ACTIVITY
What is needed is an exact copy of the lines from the line holding "tatteddbeautyy onlyfans fotos" through the end of the material, with no other lines and no pictures.

[[ DATA BLOCK, beginning ]]

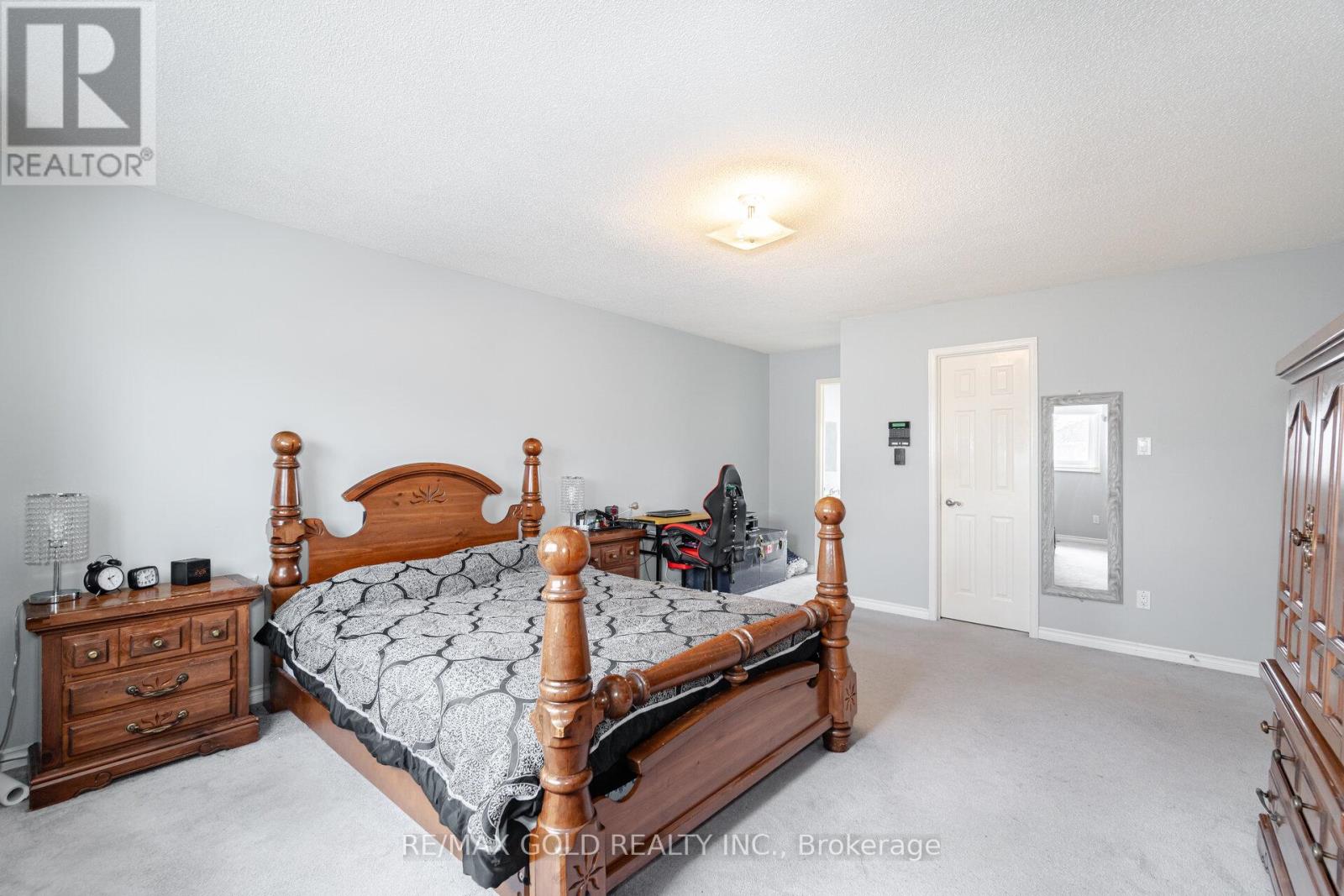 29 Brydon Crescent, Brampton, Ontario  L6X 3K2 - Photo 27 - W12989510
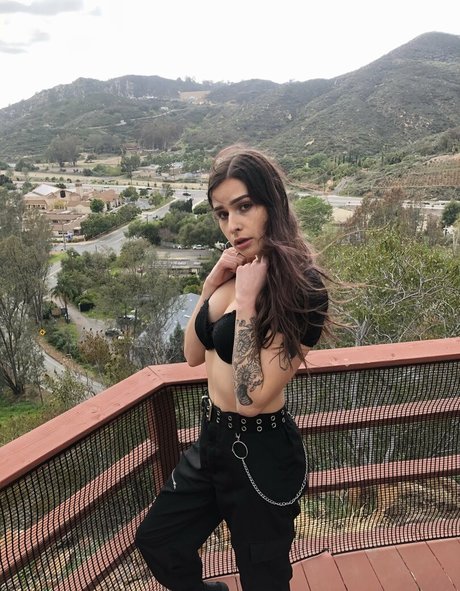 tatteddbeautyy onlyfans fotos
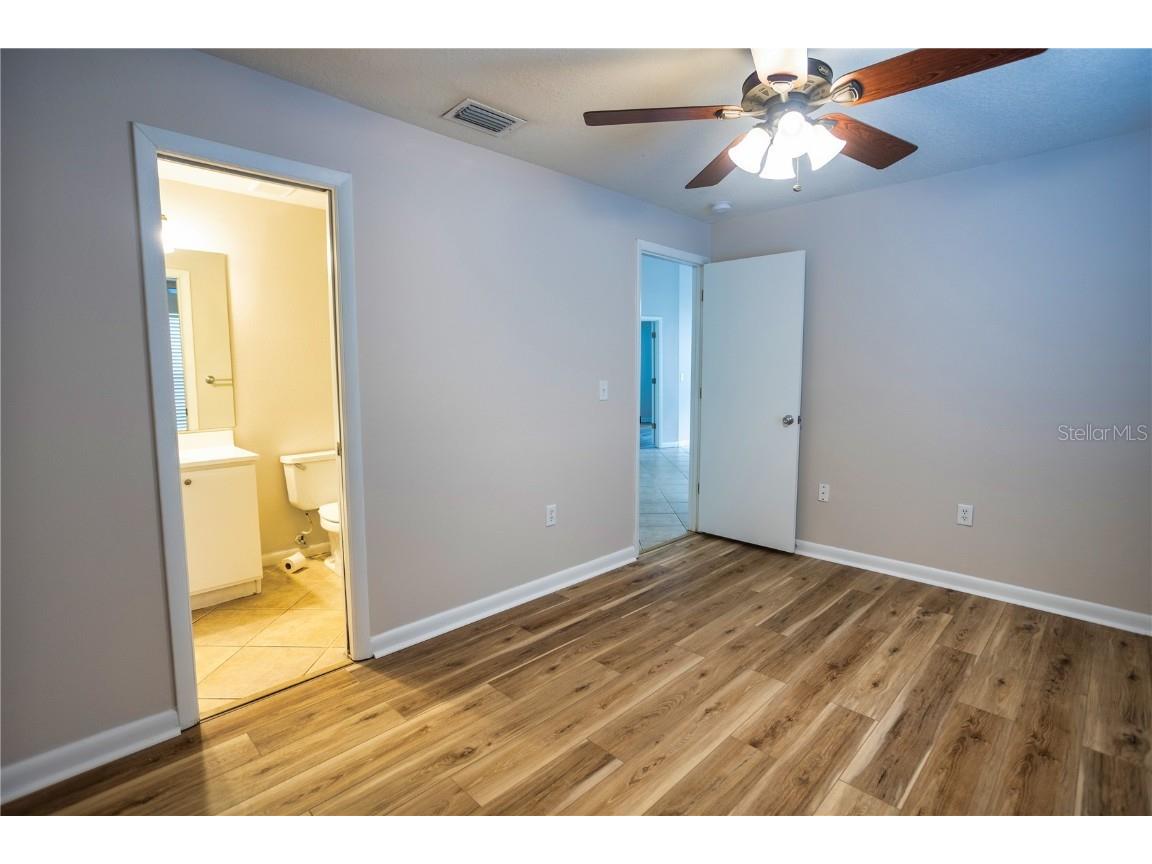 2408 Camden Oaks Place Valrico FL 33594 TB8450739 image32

[[ DATA BLOCK, end ]]

WRITTEN RESPONSE
 tatteddbeautyy onlyfans fotos
 2408 Camden Oaks Place Valrico FL 33594 TB8450739 image32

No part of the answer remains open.